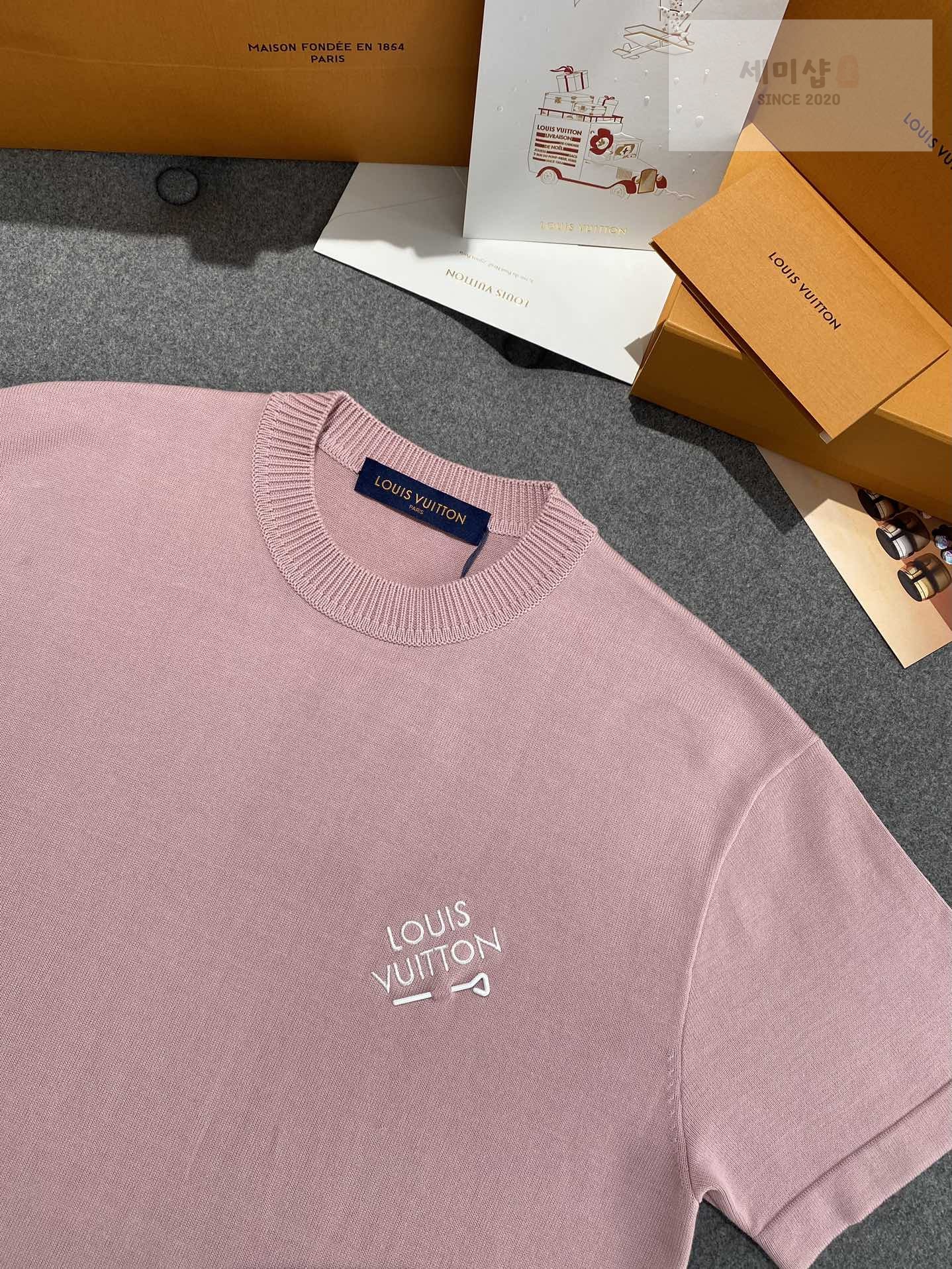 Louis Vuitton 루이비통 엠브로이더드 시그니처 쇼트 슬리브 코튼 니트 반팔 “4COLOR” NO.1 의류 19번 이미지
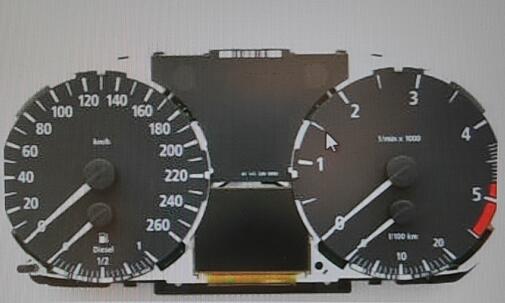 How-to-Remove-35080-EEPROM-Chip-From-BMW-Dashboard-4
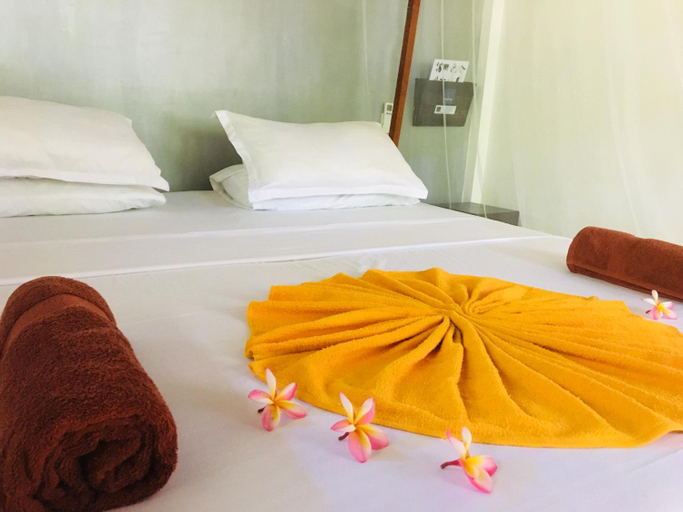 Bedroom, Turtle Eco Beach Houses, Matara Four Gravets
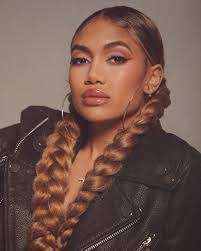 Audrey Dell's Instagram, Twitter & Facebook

※

Once the pictures are set aside, restate the remaining data above exactly.

 Louis Vuitton 루이비통 엠브로이더드 시그니처 쇼트 슬리브 코튼 니트 반팔 “4COLOR” NO.1 의류 19번 이미지
 How-to-Remove-35080-EEPROM-Chip-From-BMW-Dashboard-4
 Bedroom, Turtle Eco Beach Houses, Matara Four Gravets
 Audrey Dell's Instagram, Twitter & Facebook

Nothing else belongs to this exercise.